What is the mistake in this solution? Problem: Solve the initial value problem $y’=3y; y(0)=a>0$.
My solution:
Exploiting variable separable method,
$${dy\over y}=3\, dx$$
$$\implies\ln |y|=3x+C$$
where $C$ is the constant of integration. Now using $y(0)=a$ and $a>0$,
$\ln a=C$.
$$\therefore\ln |y|=3x+\ln a$$
$$\implies |y|=e^{3x+\ln a}$$
$$\implies y=\pm ae^{3x}$$
But clearly $y=-ae^{3x}$ isn’t a solution for the given problem.
So what went wrong?
 A: There is no error, as $-ae^{3x}$ is not a solution, violating the initial condition, and $+ae^{3x}$ is a solution, you have found the unique solution.
It is always possible that some non-equivalent step increases the number of intermediate solution candidates, so that you have to compare back with the original problem to select the true solutions.

You could also have done the preliminary analysis of the ODE in that $y=0$ is a constant, stationary solution of the ODE, so that by uniqueness no other solution can change its sign (as a sign change would imply the crossing of two solutions). Then because of $y(0)=a>0$, the solution of the IVP is positive, so that you can resolve the absolute value in $\ln|y|$ immediately to $\ln y$, removing the ambiguity.

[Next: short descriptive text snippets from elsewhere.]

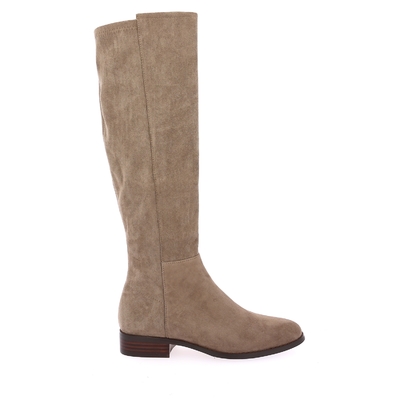 Di Lauro laarzen taupe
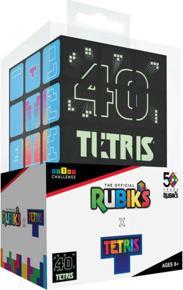Immagine prodotto Spin Master Rubiks Cube Tetris
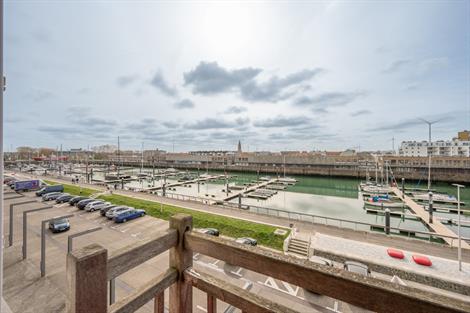 Appartement te koop Zeebrugge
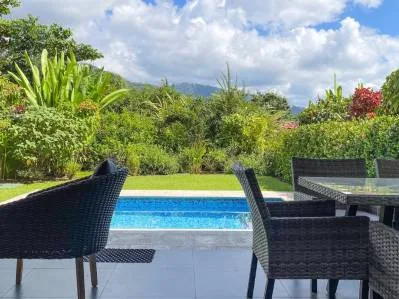Preciosa villa de 2 dormitorios con vistas a la montaña, photo 10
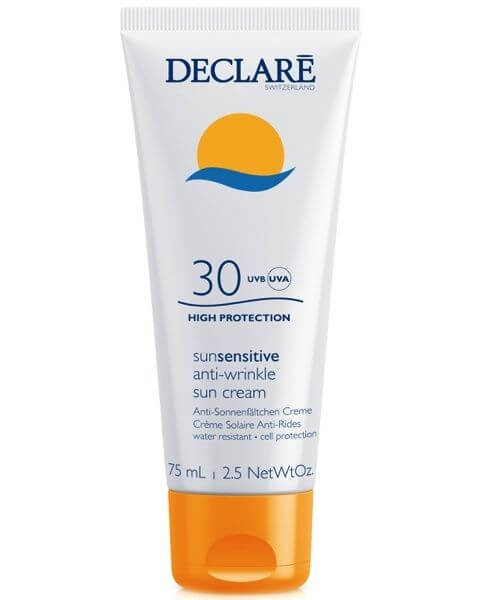 Sun Sensitive Anti-Wrinkle Sun Cream SPF30
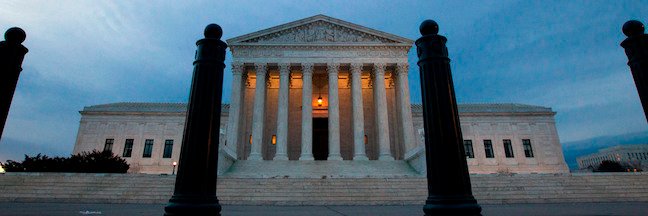 Courthouse News's banner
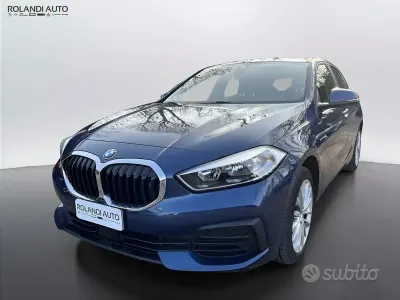 Usata BMW 120
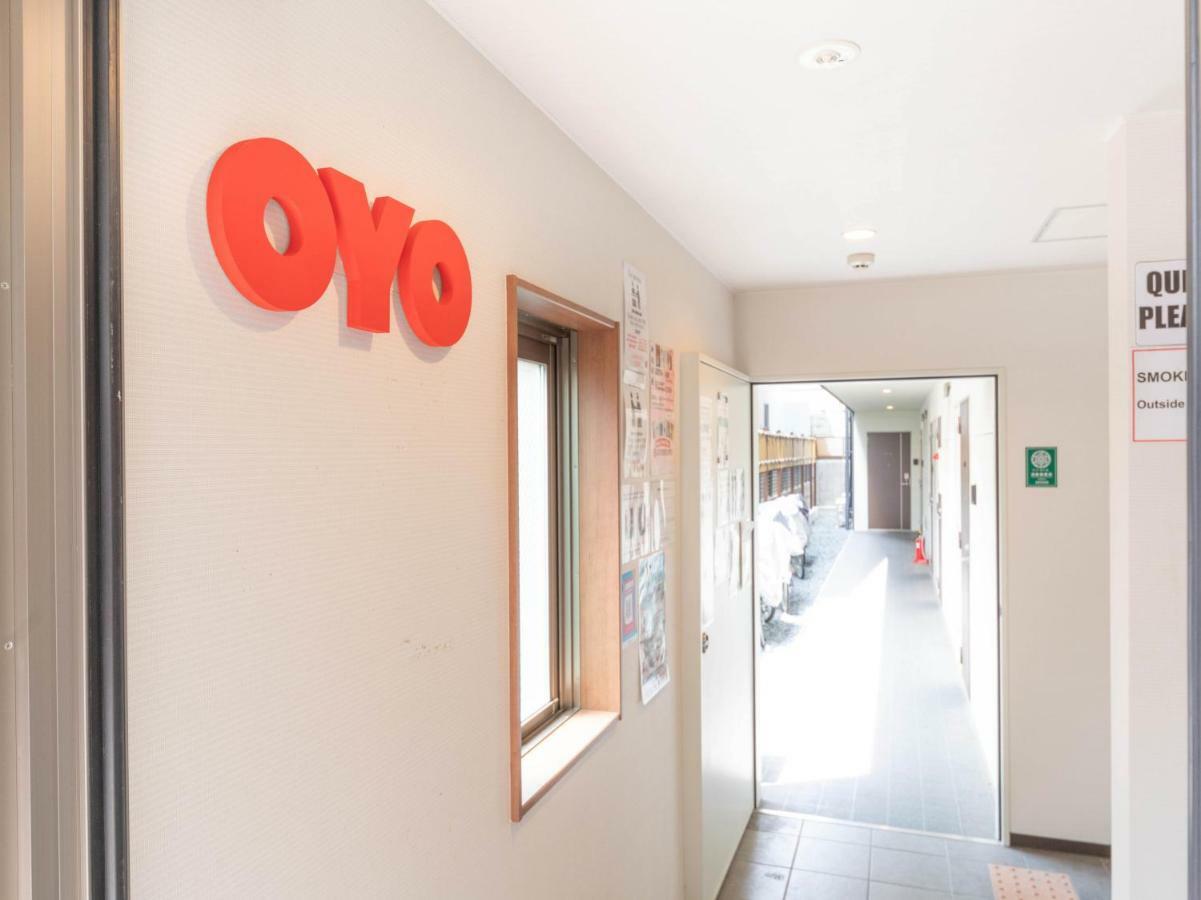 Oyo Hotel Musubi Kyoto Kuramaguchi Omiya מראה חיצוני תמונה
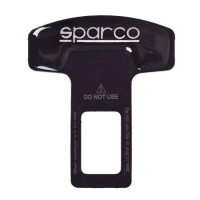 Заглушка ременя безпеки алюмінієва Sparco (1 шт.)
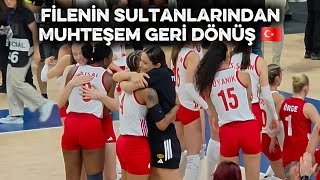 🇹🇷Türkiye-Almanya🇩🇪 Maç Sonu | 20.06.2026  #melissavargas #volleyball #ankara #fileninsultanları 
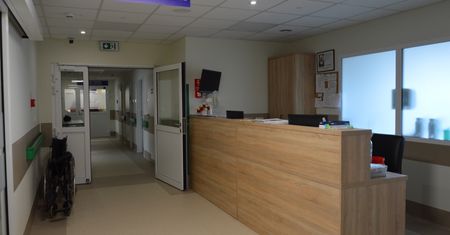 Oddział Neurochirurgiczny Wojewódzkiego Szpitala Zespolonego w nowej lokalizacji!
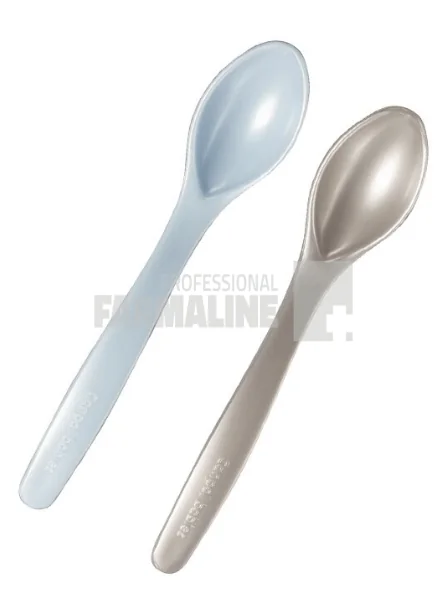 Canpol 59/582 Set 2 lingurite albastre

Or staying with your solution method, observe that by dividing by $y$ the result is only valid as long as $y\ne 0$ to avoid division by zero. By the initial condition this means the obtained solution is only valid where $y>0$, again giving $|y|=y$. In the finished solution you can then find that the solution function has no zero crossings, thus is valid everywhere.
A: The implications are only flowing forward, not backwards. You know, from your argument,
$$((y' = 3y) \land (y(0) = a > 0)) \implies (y = ae^{3x}) \lor (y = -ae^{3x}).$$
You don't know the converse:
$$(y = ae^{3x}) \lor (y = -ae^{3x}) \implies ((y' = 3y) \land (y(0) = a > 0)).$$
In fact, the converse is false, as you noted. If $y = -ae^{3x}$, then the right side is not satisfied.
This is a common thing in many equation-solving methods: an infinite set of potential solutions is reduced to a small finite set of possible solutions, but none of the potential solutions are actually proven by the method. There may even be no solutions! It is important to verify the potential solutions you obtain from such a solving method, otherwise you might settle on erroneous possible solutions.